DATASET EXCERPTS:
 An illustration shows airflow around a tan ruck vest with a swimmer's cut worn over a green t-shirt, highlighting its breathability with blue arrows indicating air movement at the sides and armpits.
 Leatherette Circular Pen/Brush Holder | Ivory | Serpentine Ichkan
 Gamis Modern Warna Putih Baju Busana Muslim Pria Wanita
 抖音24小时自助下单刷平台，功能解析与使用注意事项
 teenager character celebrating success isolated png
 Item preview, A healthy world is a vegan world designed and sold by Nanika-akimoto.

* * *

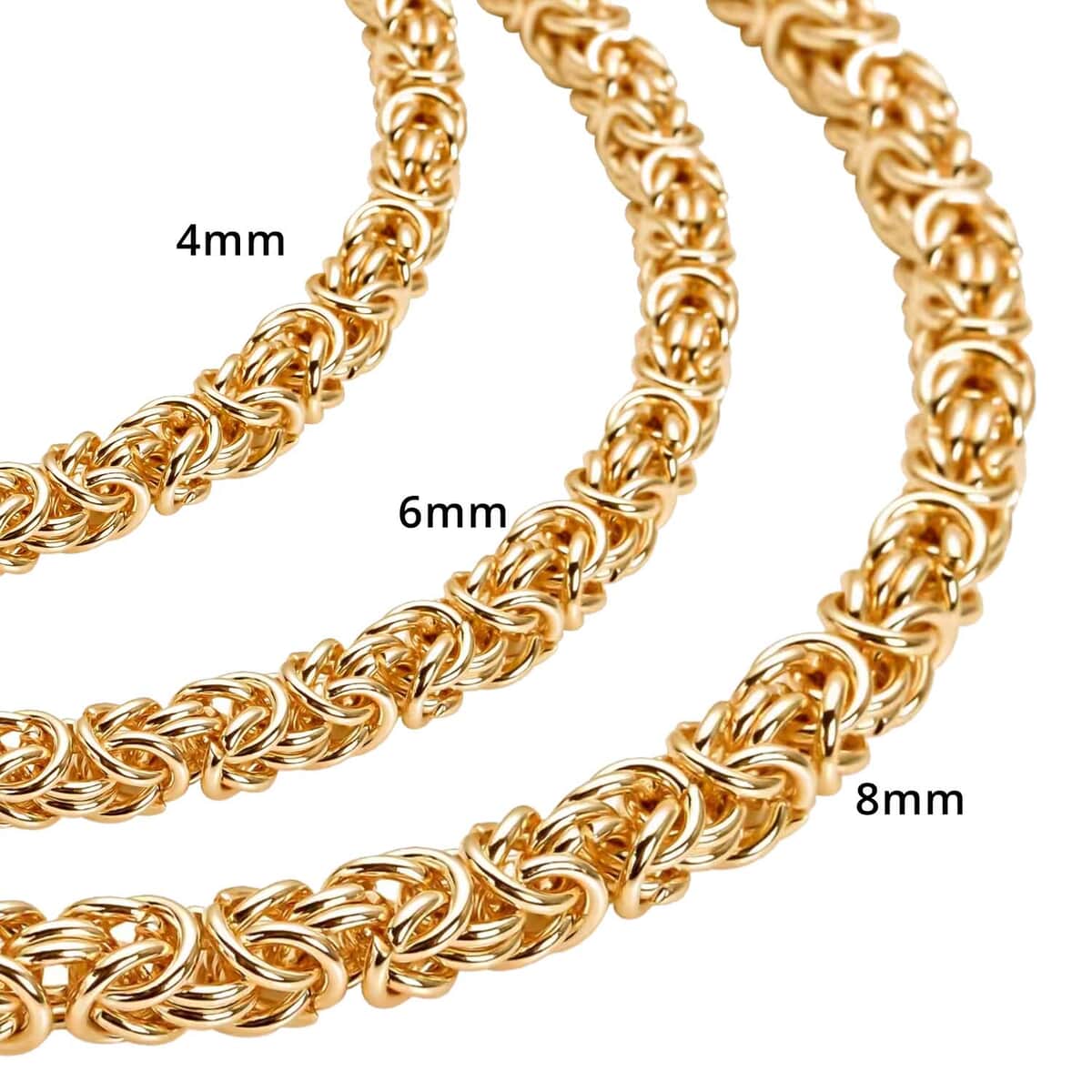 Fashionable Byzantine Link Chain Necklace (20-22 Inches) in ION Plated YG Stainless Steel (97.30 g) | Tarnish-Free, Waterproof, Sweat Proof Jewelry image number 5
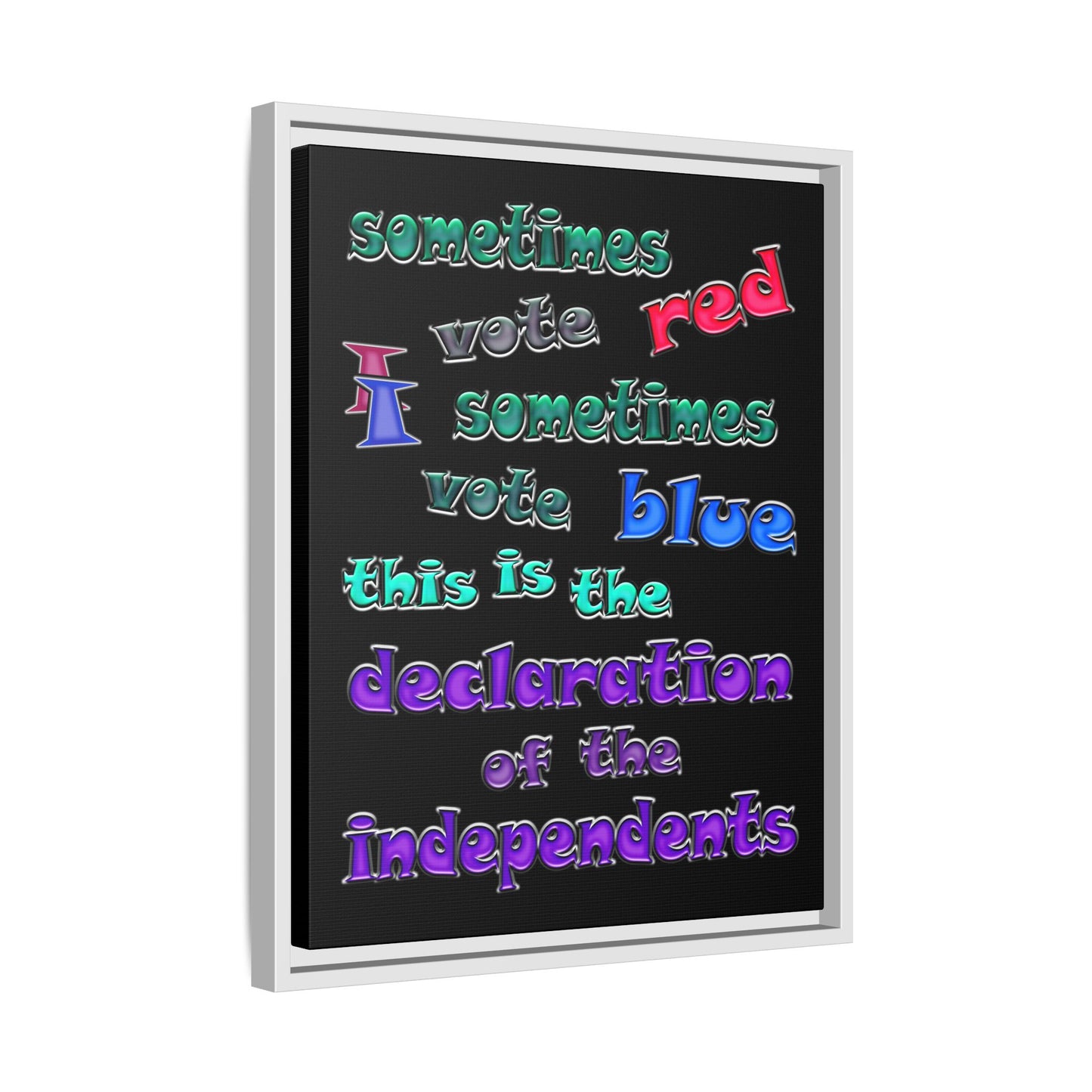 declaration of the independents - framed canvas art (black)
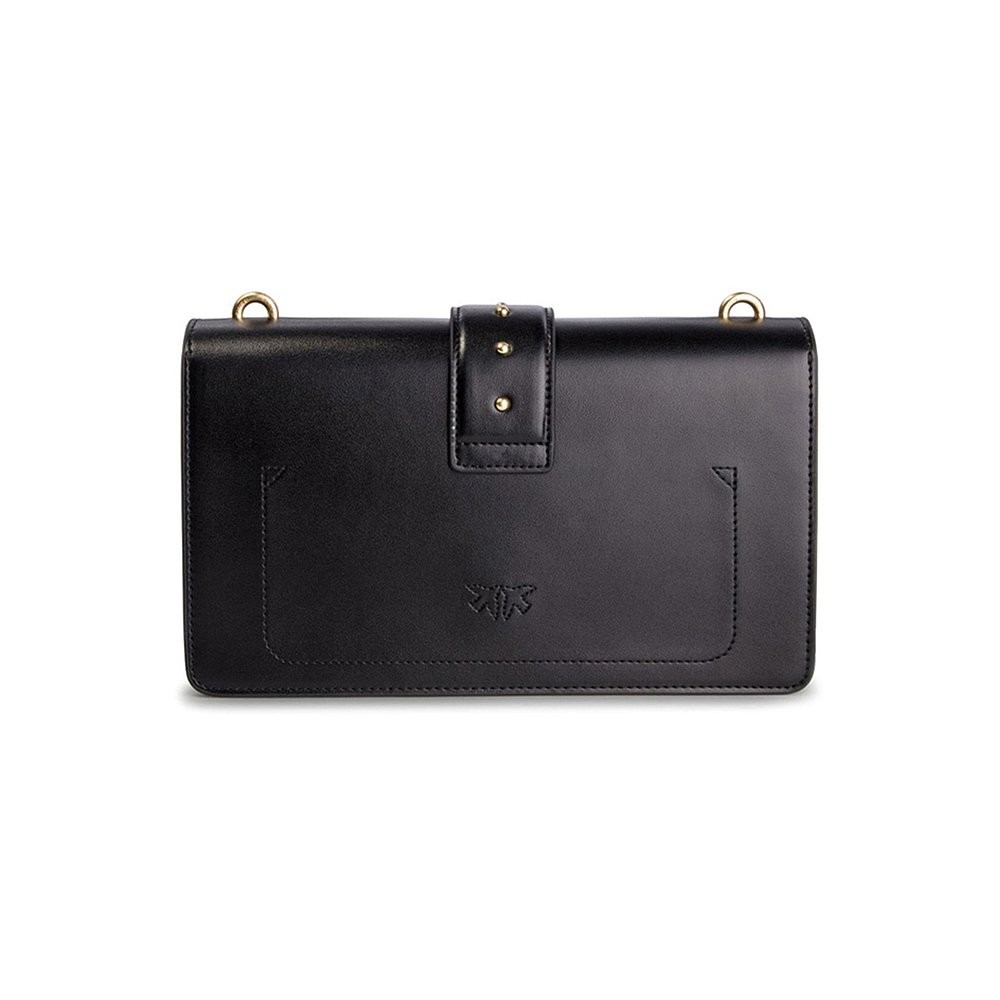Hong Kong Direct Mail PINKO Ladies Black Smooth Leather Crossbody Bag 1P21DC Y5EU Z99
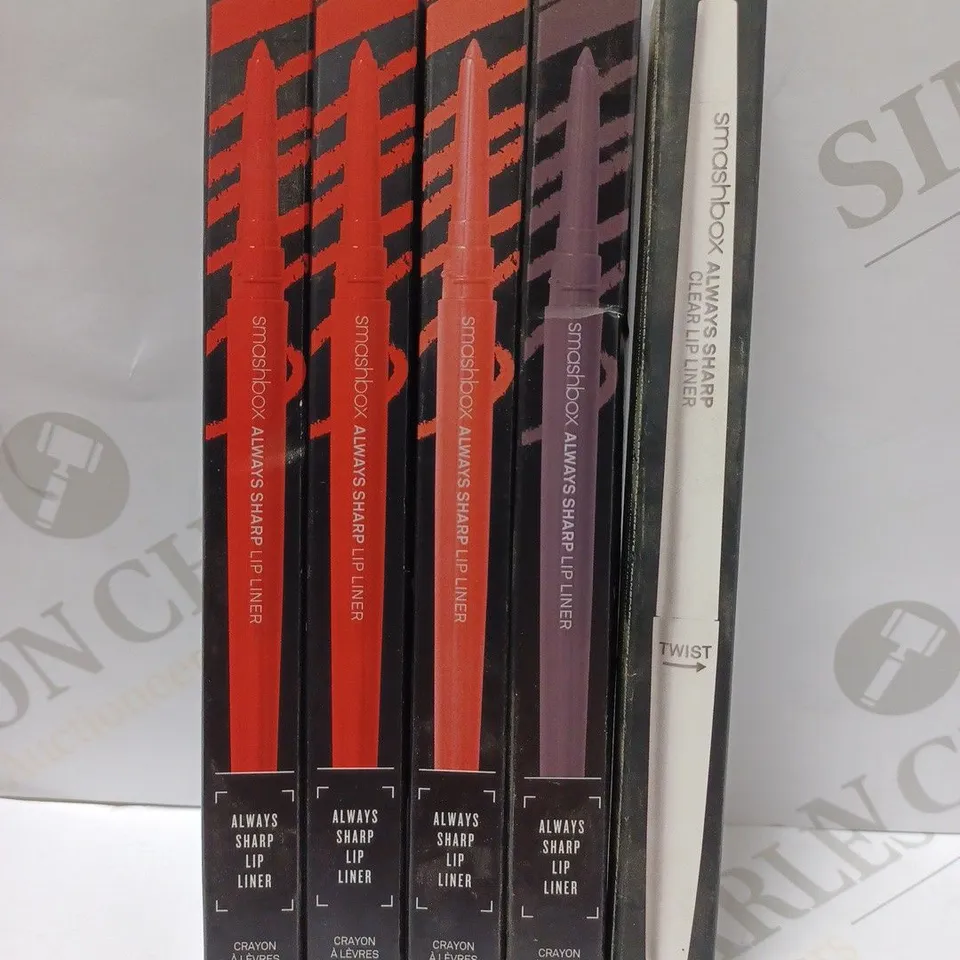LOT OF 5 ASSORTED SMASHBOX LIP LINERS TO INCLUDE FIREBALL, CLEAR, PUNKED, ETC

...

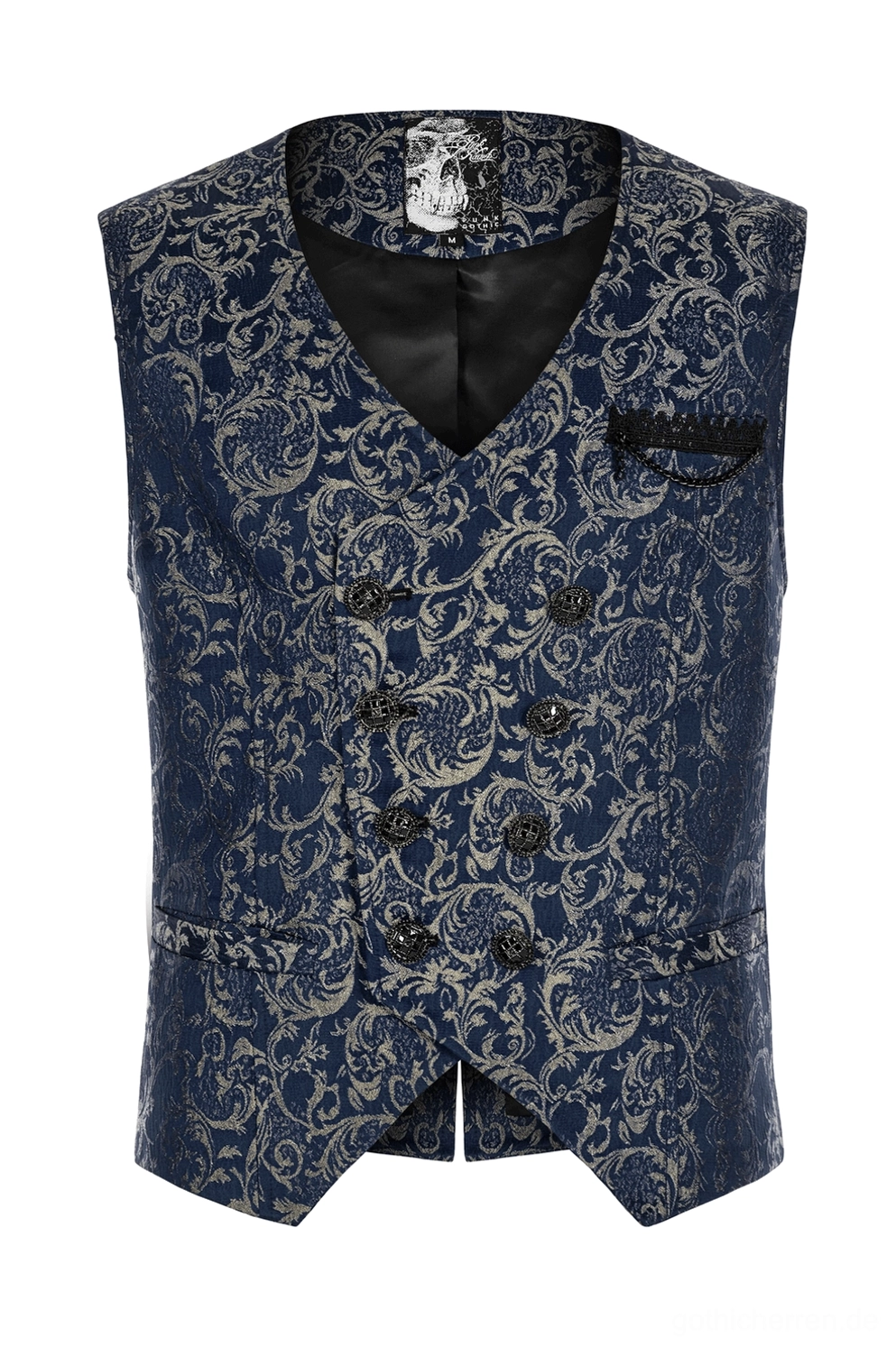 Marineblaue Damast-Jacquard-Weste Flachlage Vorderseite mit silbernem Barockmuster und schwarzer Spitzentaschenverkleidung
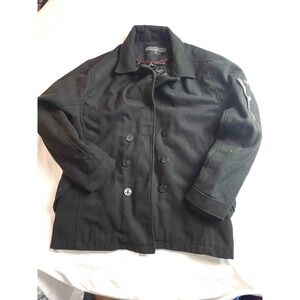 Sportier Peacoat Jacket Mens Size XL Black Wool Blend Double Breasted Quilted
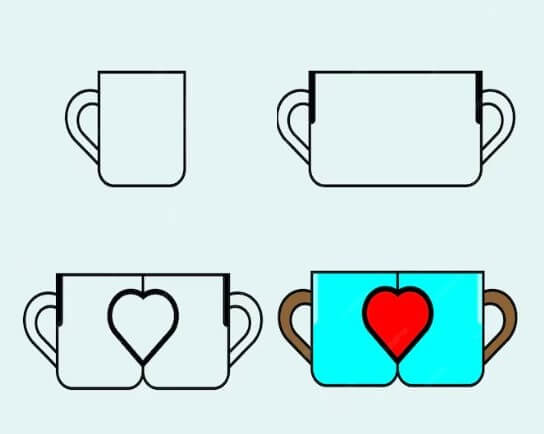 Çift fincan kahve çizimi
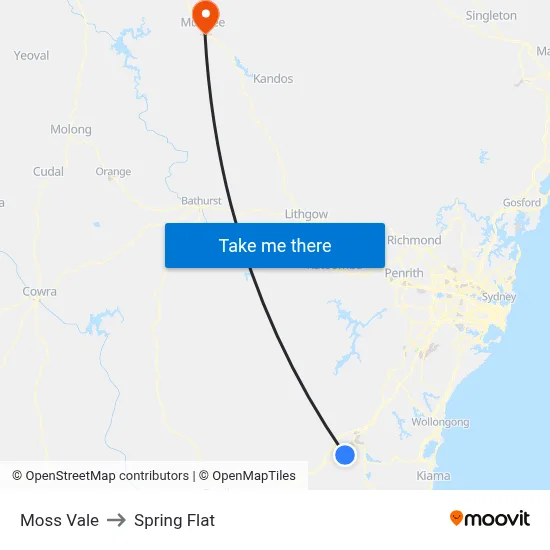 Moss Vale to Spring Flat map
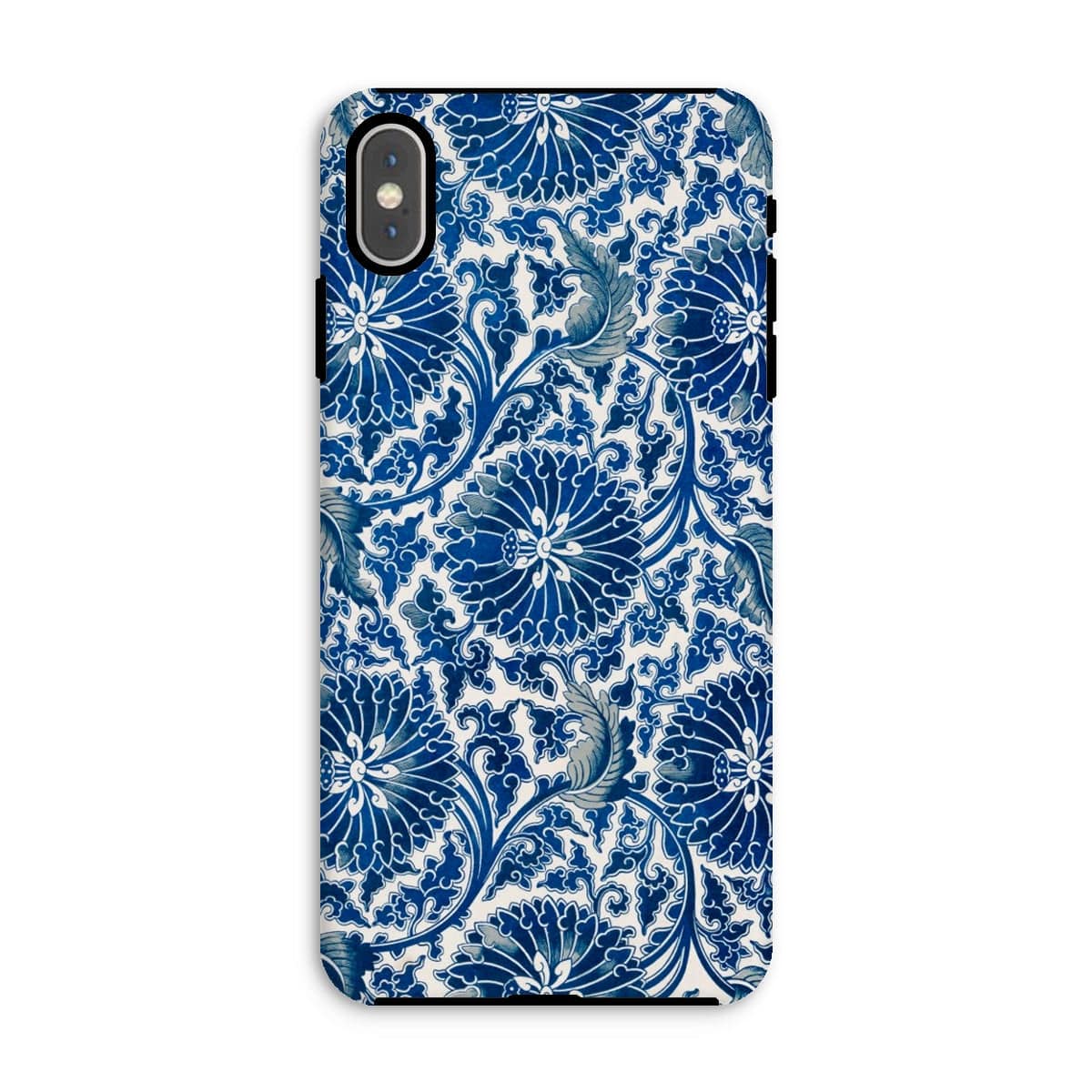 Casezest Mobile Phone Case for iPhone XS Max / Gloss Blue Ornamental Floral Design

AIM OF THE EXERCISE:
Up in the listing, locate the line with "Sportier Peacoat Jacket"; print it and every line after it down to the line with "Casezest Mobile Phone", which is included too. Skip the pictures.

ANSWER FOR THE TASK:
 Sportier Peacoat Jacket Mens Size XL Black Wool Blend Double Breasted Quilted
 Çift fincan kahve çizimi
 Moss Vale to Spring Flat map
 Casezest Mobile Phone Case for iPhone XS Max / Gloss Blue Ornamental Floral Design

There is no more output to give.